Saturday, 25 April 2009

THE GOOD GIRL (dir: Miguel Arteta)

THE GOOD GIRL (dir: Miguel Arteta)

As a recorded display of small town boredom this is one of the best examples in recent memory. The movie came to me at a particularly troublesome time in my own life and as a result many of themes resonated with me in a very strong way.

On my first night in California during a hell fortnight of a holiday my hosts took me to Tower Records to rent out a movie to keep me occupied during the following daytime and it was The Good Girl that leapt out and ended being the movie we rented. So as a result the first time I ever saw this morning was upon awakening in a strange place in Sacramento in a very lost place mind wise.

Of the Friends crew it has always been Jennifer Aniston that has proved most talented and of most worth (followed by Lisa Kudrow) and in this role again grain she really blossoms as a character (Justine) far removed from Rachel Green.

In my own example the movie came to me at a time where I found myself bored at work and attracted to an older lady at work myself. She was also bored and in the midst of divorce displaying similar sorts of wandering thoughts as Aniston in this movie. On the day the film was released on DVD in England I bought it from Asda and wholeheartedly recommended it to the lady in the hope of displaying some kind of depth and understanding of our respective situations and boredom.

As much as I hate to admit it I can associate with the Jake Gyllenhaal character with his delusions of grandeur in regarding himself a writer and a victim of circumstances and the world around him. Even though the drive and energy of such a character is to be admired (to a degree) his ultimate fate represents the inevitable consequences of a person distracted and not playing the game. In a strange way this is pretty close to how I eventually found myself losing my job through my blog (on a much smaller degree/level obviously).

The character of Holden/Tom played by Jake Gyllenhaal represents not for the first time in history a person being lead astray by Holden Caulfield but at the same time one being counseled and indulged in their dysfunction. Again this is something I have come to experience in my real life. Personally I have never been able to pull off the Holden Caulfield personality but I have witnessed first hand a person nanny a Holden Caulfield type through being troubled but more sweet and needy. Without these talents and traits all I can do is continue to try and write my own version of The Catcher In The Rye.

In contrast to the dysfunction is her husband Phil played by John C. Reilly acting as a stoner stuck in his own working class/blue collar rut but who is fortunately (for him) numbed to this degree of reality. As a result he represents some kind of constant and rock despite on the surface of things being more of a fuck up and criticized for being so.

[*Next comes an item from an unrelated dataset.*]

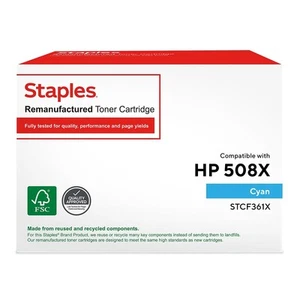 Staples Cyan High Yield Toner Cartridge Replacement for HP 508X - Picture 1 of 9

Additionally in support Zooey Deschanel provides a great comedic character encompassing the personification of small-town cynicism and boredom, an individual destined to repeat the errors of Justine and Holden if she remains working at the supermarket. Likewise the writer of the movie Mike White plays a horribly stunted supermarket security guard who is supposedly accidentally tragic and humorous by mistake/error.

As the movie draws to a culmination/conclusion it is striking how the Phil character played by John C. Reilly emerges as perhaps the balanced of individuals who on the surface lives in a world of denial but ultimately appears aware of his circumstances but chooses to utilize a positive outlook in order to just survive and ultimately as the movie closes he and Justine make their strongest step towards maturity, a strong future and happiness. In a way this conclusion appears something of a compromise to the couple’s needs but ultimately it is very reflective of how life is.

This movie came perfectly timed and perfectly pitched when presented to myself as a 25 year old.